## BRIEF
Starting at the first line of the entries below, restate each line exactly until you reach the line with "Motivstempel Titel: Ministempel · Katze", and print that one too. Leave the pictures out and stop there.

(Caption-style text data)
========

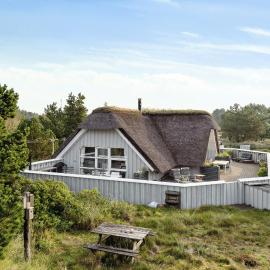 Thatched House Near Wadden Sea Nature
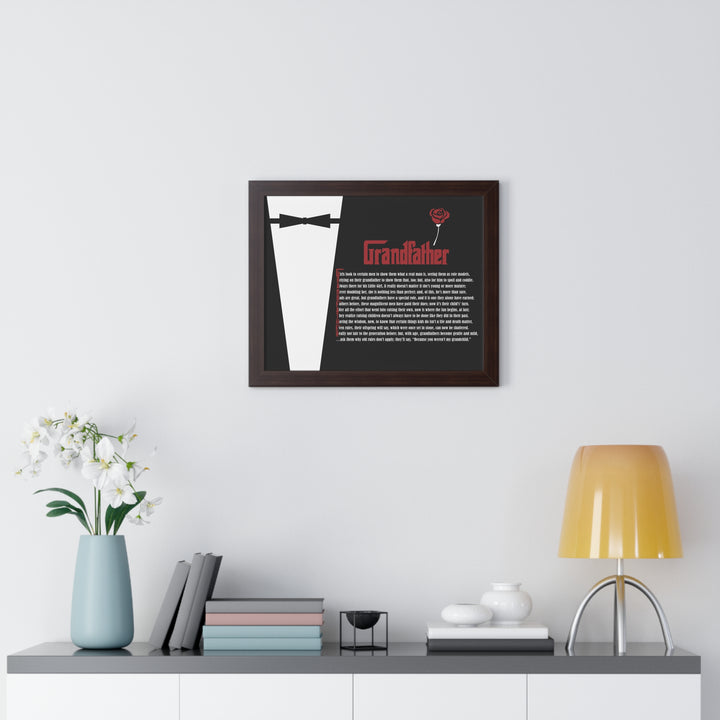 It's Just a Phrase "Grandfather" Framed Acrostic Poem Print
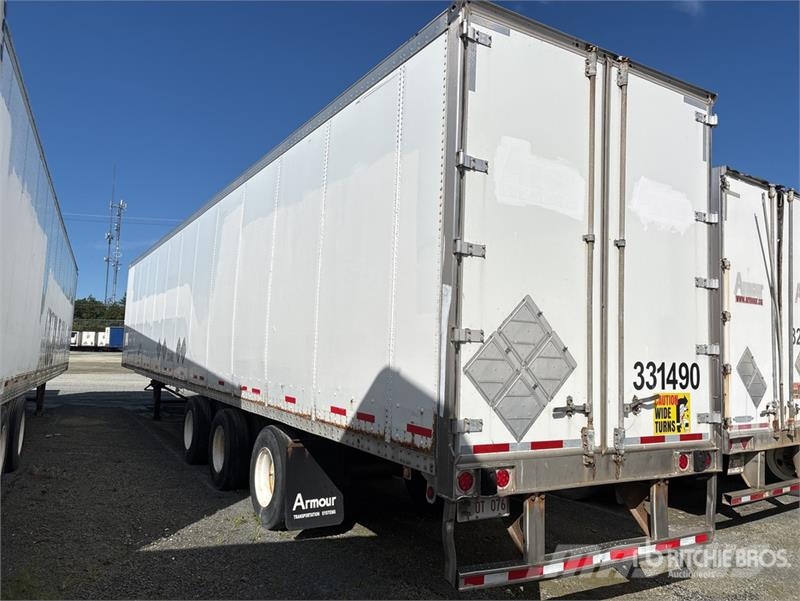 Wabash 53 ft x 102 in Tri/A Van Trailer Прицепы-фургоны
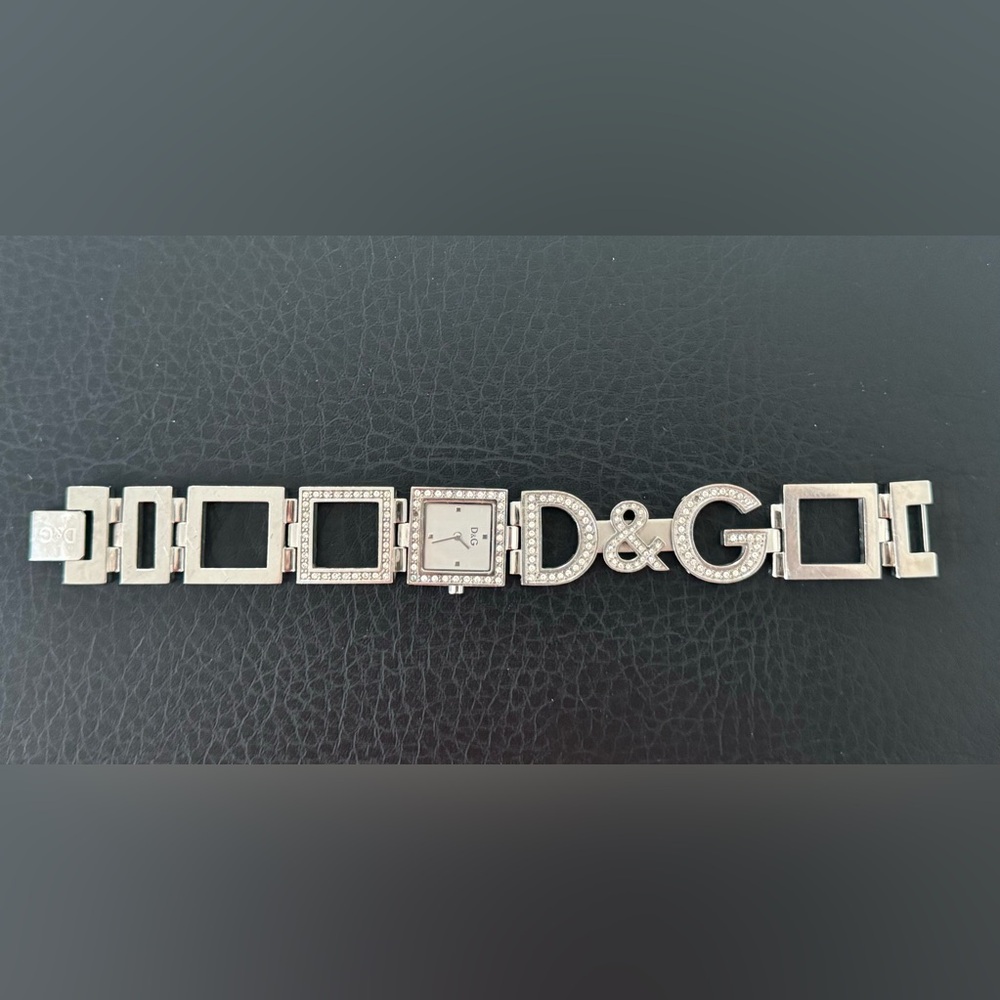 D&G Women’s Stainless Steel With Cz Rhinestones Watch.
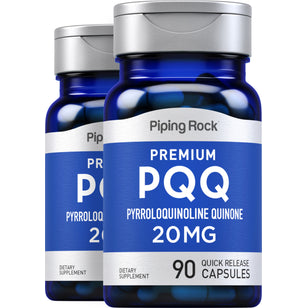 PQQ Pyrroloquinoline Quinone, 20 mg, 90 Quick Release Capsules, 2  Bottles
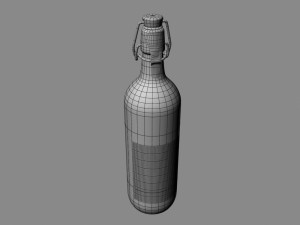 french lemonade bottle 3D Модель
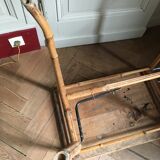 Rattan side table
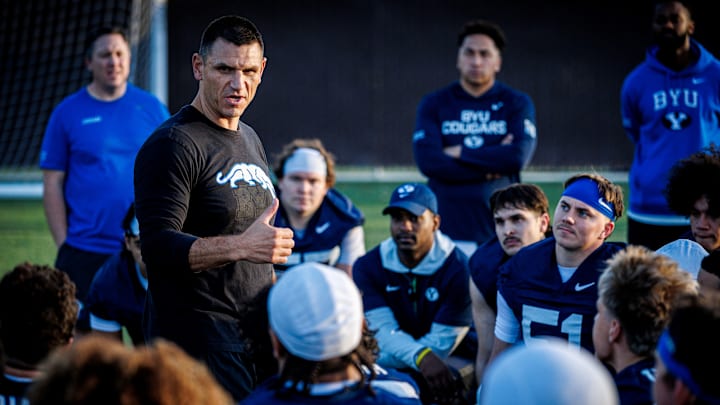 New BYU defensive coordinator Kelly Poppinga on the first day of 2026 Spring Camp New BYU defensive coordinator Kelly Poppinga on the first day of 2026 Spring Camp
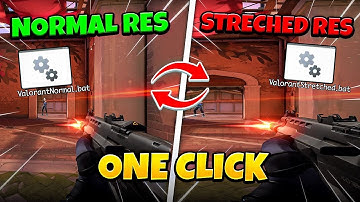 1 CLICK = Stretched Valorant Instantly [ Tutorial + Free Files ]😳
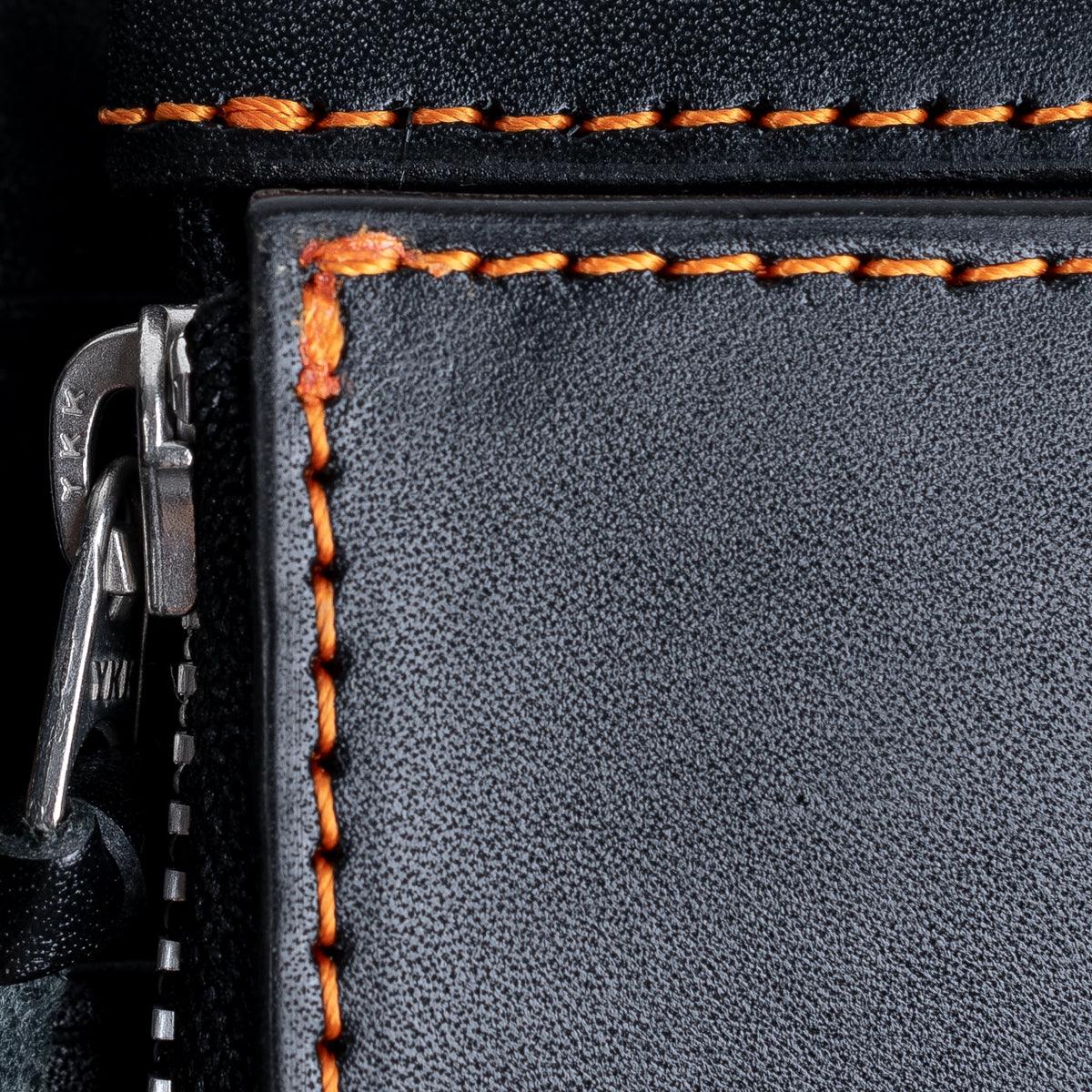 Image showing the IHG-02-NAV - Medium Shell Cordovan Wallet - Navy Blue which is a WALLETS AND CHAINS described by the following info Accessories, Iron Heart, Released, WALLETS AND CHAINS and sold on the IRON HEART GERMANY online store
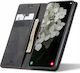 Spacecase Портмоне Кожено / Силиконово Черно Калъф За Мобилни Телефони Galaxy S22 5G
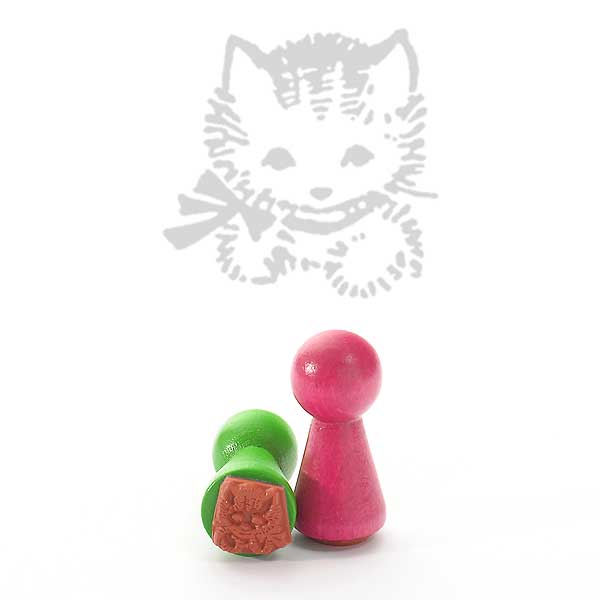 Motivstempel Titel: Ministempel · Katze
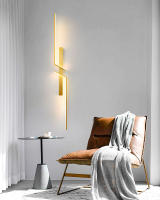 Lámpara De Pared Minimalista Para Interior En Negro Y Oro Decoración Para Sofa Y Fondo De Sala De Estar Y Dormitorio Luz LED Para Cocina Y Comedor - details 5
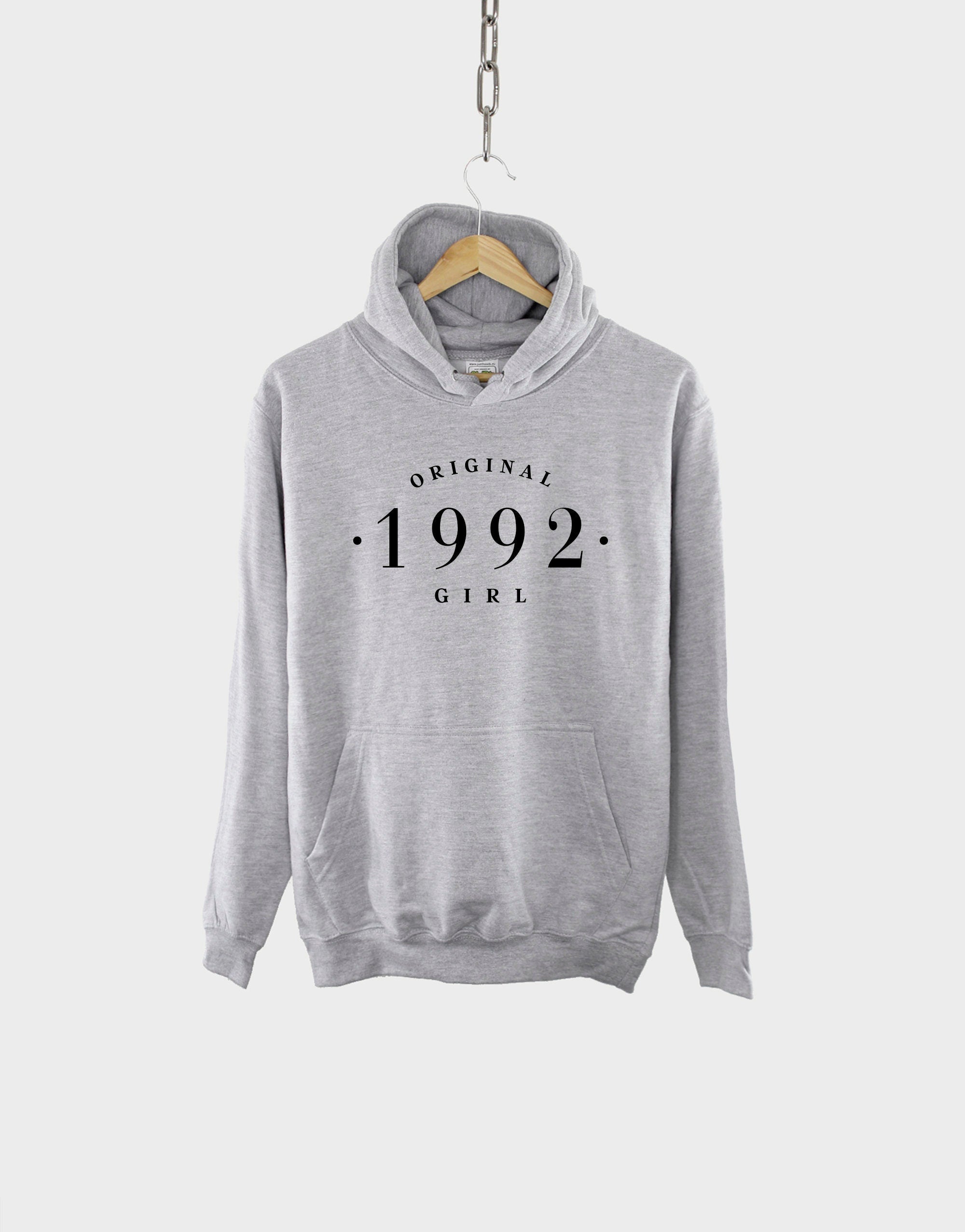 1992 Birthday Hoodie - 30th Birthday Vintage Hoodie - Womens Birth Year Hoody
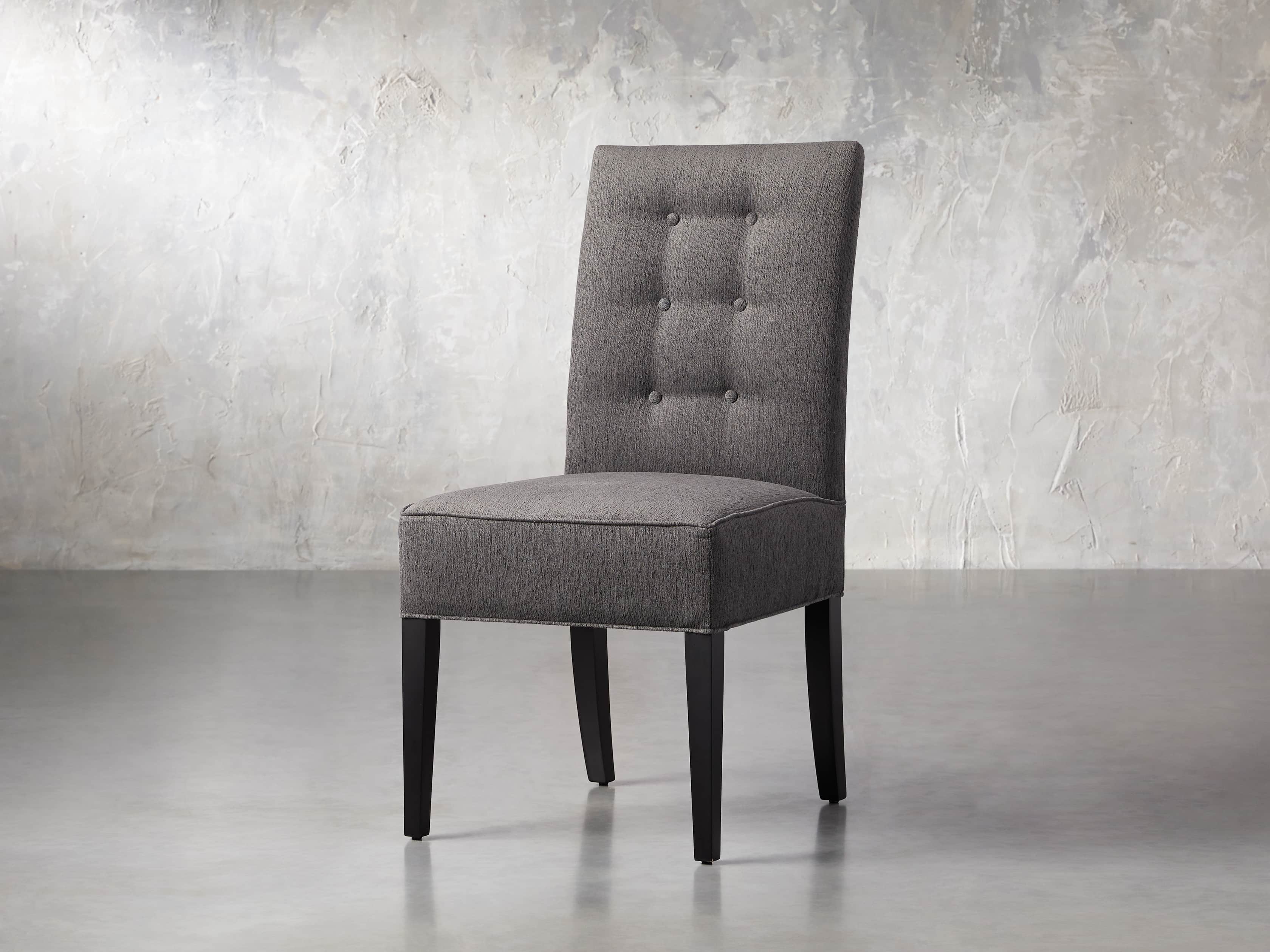 Tao 21" Upholstered Tufted Dining Side Chair, slide 2 of 7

========

## RESULT OF THIS EXERCISE
 Thatched House Near Wadden Sea Nature
 It's Just a Phrase "Grandfather" Framed Acrostic Poem Print
 Wabash 53 ft x 102 in Tri/A Van Trailer Прицепы-фургоны
 D&G Women’s Stainless Steel With Cz Rhinestones Watch.
 PQQ Pyrroloquinoline Quinone, 20 mg, 90 Quick Release Capsules, 2  Bottles
 french lemonade bottle 3D Модель
 Rattan side table
 New BYU defensive coordinator Kelly Poppinga on the first day of 2026 Spring Camp New BYU defensive coordinator Kelly Poppinga on the first day of 2026 Spring Camp
 1 CLICK = Stretched Valorant Instantly [ Tutorial + Free Files ]😳
 Image showing the IHG-02-NAV - Medium Shell Cordovan Wallet - Navy Blue which is a WALLETS AND CHAINS described by the following info Accessories, Iron Heart, Released, WALLETS AND CHAINS and sold on the IRON HEART GERMANY online store
 Spacecase Портмоне Кожено / Силиконово Черно Калъф За Мобилни Телефони Galaxy S22 5G
 Motivstempel Titel: Ministempel · Katze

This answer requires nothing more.